Laborjournal: Herr Wiesner, Sie hatten wegen des Gentechnik-Gesetzes erst vor kurzem Ärger mit den Behörden. Wie kam es dazu?

Rudolf Wiesner: Wir haben einen zentralen S1-Tierstall für Mäuse, die zwar gesund sind, aber Keime tragen, die in den anderen Tierhaltungen nicht vorkommen. Von diesen Tieren werden Embryotransfers in ihre „sauberen“ Artgenossen gemacht. Ist das erledigt, bekommt ein anderer Forscher den kostbaren Käfigplatz – daher wechseln die Arbeitsgruppen in diesem Tierstall häufig. Ich bin Projektleiter geworden, weil irgendjemand es machen musste, nehme diesen Job aber absolut nicht ernst. Genmodifizierte Mäuse muss man nicht überwachen. Es gibt keinen Grund für jeglichen damit verbundenen bürokratischen Aufwand. Wir Altersforscher wissen ja, dass Organismen in der Natur grundsätzlich nicht alt werden. Wildmäuse sterben innerhalb der ersten sechs Lebenswochen, viele bevor sie sich selbst reproduziert haben. Labormäuse sind draußen überhaupt nicht überlebensfähig, genetisch modifizierte ebensowenig. Zudem gibt es im Labor eine Barriere, die eigentlich zum Schutz der Mäuse da ist. Diese ist aber auch umgekehrt unüberwindlich – die Mäuse können dort nicht rauskommen.

Wogegen hatten Sie denn verstoßen?


Rudolf Wiesner: Die Bezirksregierung Köln kam zur Überprüfung und ich hatte die Mitarbeiter nicht belehrt. Da diese so häufig wechseln, wollte ich das nicht tun. Das ist auch gar nicht nötig, denn sie haben jeweils eigene Maushaltungen und werden dort bereits über das Arbeiten mit gentechnisch veränderten Mäusen von ihren Projektleitern belehrt. Zudem haben sie weitere S1-Labors, in denen sie mit E. coli arbeiten – die können das.
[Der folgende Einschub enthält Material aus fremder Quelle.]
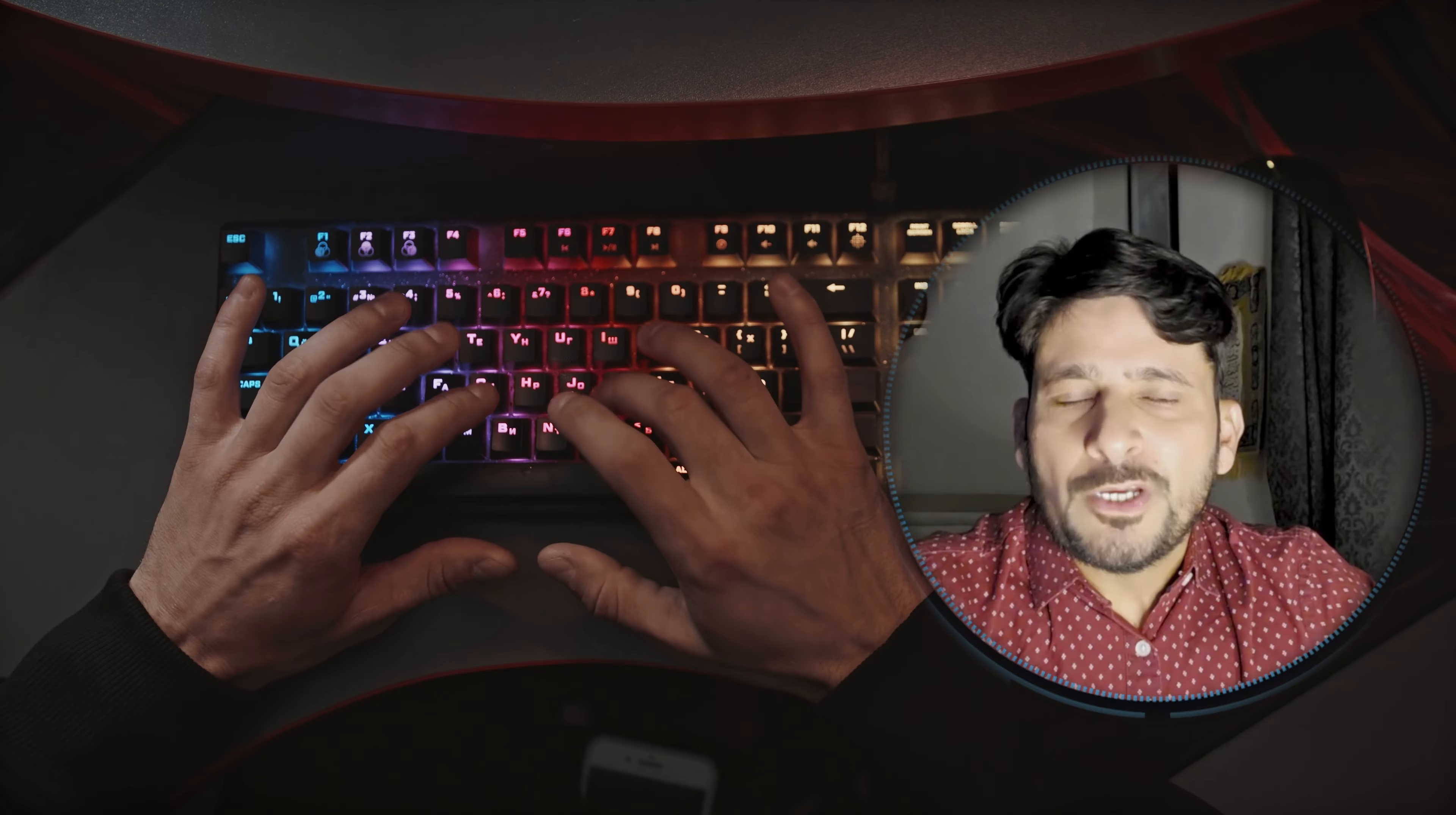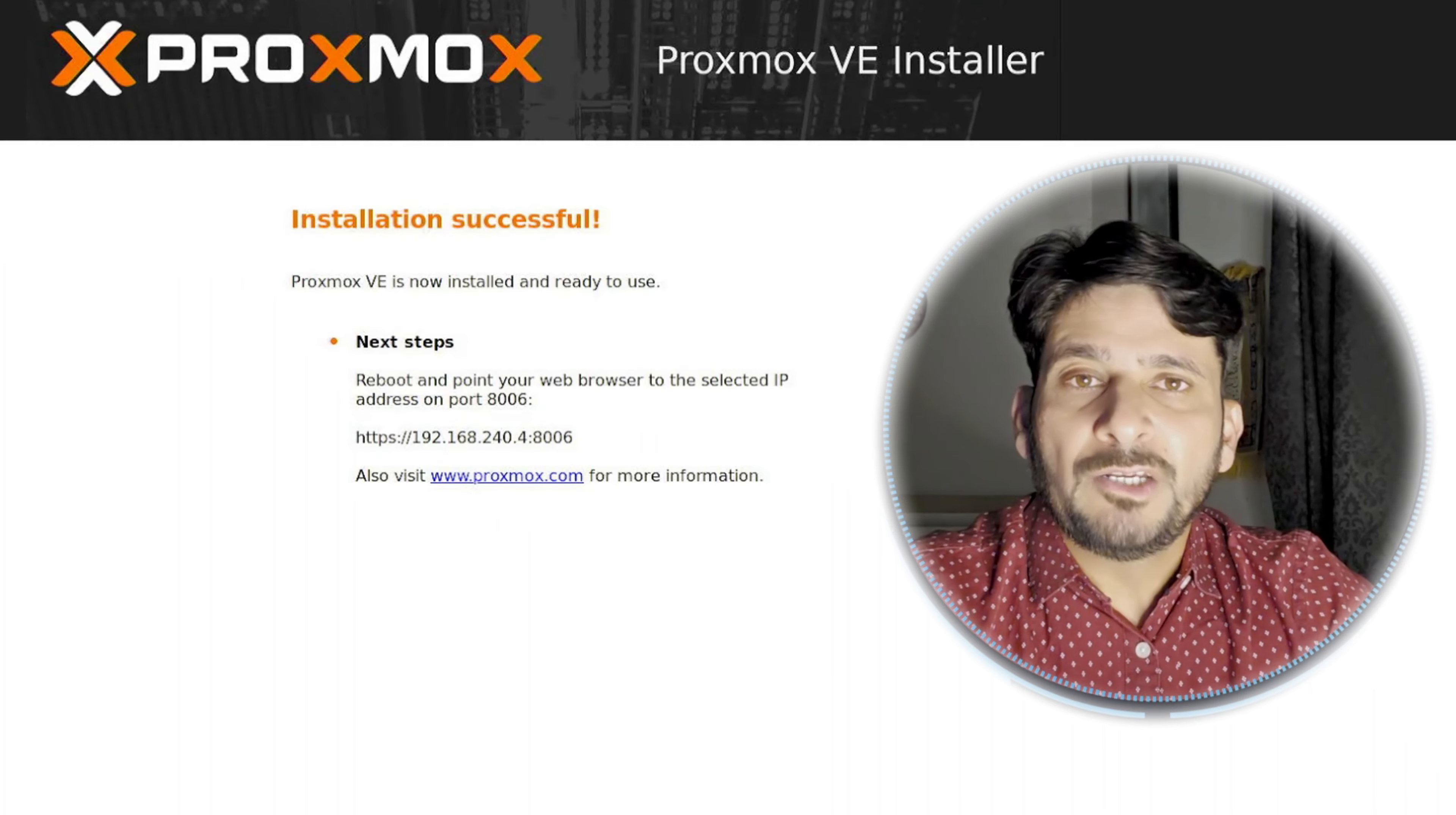Any installation you go for will need three major components. System architecture should be 64-bit. Proxmox only supports 64-bit CPUs with virtualization support enabled.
Einen Termin mit allen zu finden, um ihnen zu sagen, dass sie im S1-Tierstall nicht essen, nicht trinken und nicht rauchen dürfen und dass ihnen die Mäuse nicht entkommen sollen, ist ein riesiger Aufwand. Daraufhin bekam ich ein Revisionsschreiben, in dem – unter Androhung von 13.500 Euro Höchststrafe – darauf hingewiesen wurde, dass eine arbeitsplatzbezoge Belehrung für jede gentechnische Anlage vorgeschrieben ist. Das Argument, dass alle unterwiesen sind, zählte nicht.

Was werden Sie jetzt tun?

Rudolf Wiesner: Ich glaube, ich werde in meiner Antwort an die Behörde schreiben, dass sie bald eine Unterschriftenliste bekommt, aber zwischen den Zeilen wird sie lesen können, dass ich natürlich keine Belehrung mache. Wenn ich die Mitarbeiter in der Mensa zusammenrufe und sage „Hiermit seid ihr belehrt, unterschreibt mir das!“ und die Behörde damit glücklich ist, dann kann ich sie so zufrieden stellen. Wenn ich allerdings wüsste, dass es nicht mehr als 500 Euro kostet, würde ich es riskieren keine Belehrung durchzuführen. Ich würde mich gerne einmal mit der Behörde vor den Verwaltungsrichter stellen.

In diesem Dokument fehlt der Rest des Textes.